Blue Highway – At the mercy of the song
In Blue Highways, William Least Heat-Moon’s classic road chronicle, the author “took to the open road in search of places where change did not mean ruin and where time and men and deeds connected.” As it turns out, the band Blue Highway travels that same open road. And their music resonates with the sounds of those same timeless places.
Together since New Year’s Eve 1994, Blue Highway released its eight album, Through The Window Of A Train, February 15 on Rounder. Previous releases have earned the International Bluegrass Music Association’s Album of the Year (for 1995’s It’s A Long, Long Road) a Dove Award for their 2003 all-gospel collection Wondrous Love, and two Grammy nominations.
Both musically and geographically, Blue Highway is a hard band to pin down. Their five members reside in four states — North Carolina, South Carolina, Virginia and Tennessee — but right now the bus is parked outside guitarist Tim Stafford’s house in Kingsport, Tennessee. The mountain music of southern Appalachia provides a solid bedrock for their sound. However, Blue Highway also manages to appear at once contemporary and rooted. While bluegrass is certainly an accurate reference point for the Blue Highway sound, that influence is never restrictive. Their music looks back, even as it looks forward.

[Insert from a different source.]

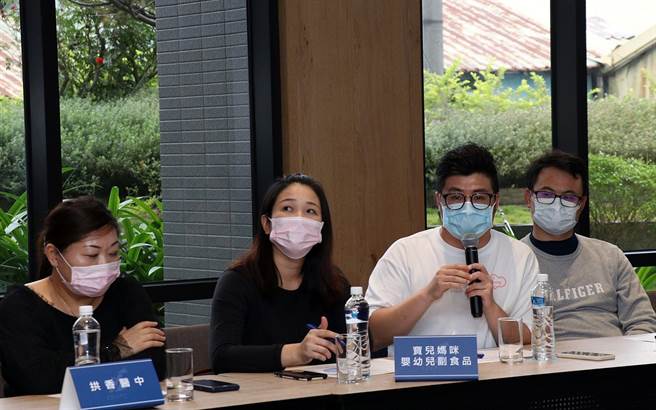 嘉义市工商策进会协助在地店家透过数位转型找国外商机，业者分享心得。（嘉义市政府提供）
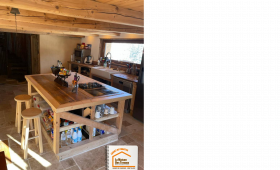 rénovation cuisine chalet Praz-sur-Arly, cuisine bois massif montagne, cuisine alpage rénovée, artisan cuisine Haute-Savoie, la maison des travaux chamonix, cuisine chalet traditionnel, îlot central bois massif, évier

“I have consciously gone back and tried to put in some stuff that maybe even pre-dates what you’d call traditional bluegrass,” Stafford says. “I mean stuff like the Dock Boggs influence — which I love Dock Boggs. I love that country-blues sound. It’s different. It’s pre-bluegrass. We’ve done old-timey-sounding things. We also did some shape-note singing which definitely pre-dates bluegrass. So there’s other traditions out there. There is a huge amount of other material that you can draw on besides Jimmy Martin, Flatt & Scruggs, or New Grass Revival.”
Strong original songwriting has long been a hallmark of Blue Highway’s music. Stafford, bassist Wayne Taylor and mandolin/fiddle player Shawn Lane are all gifted writers. Rob Ickes (dobro) and Jason Burleson (banjo) write instrumental tunes that are tasteful as they are dynamic. With influences ranging from jazz artists such as Sylvain Luc and Bireli Lagrene, to the classic country of Merle Haggard, to the folk-pop of James Taylor and Paul Simon, Blue Highway albums are unashamedly song-driven.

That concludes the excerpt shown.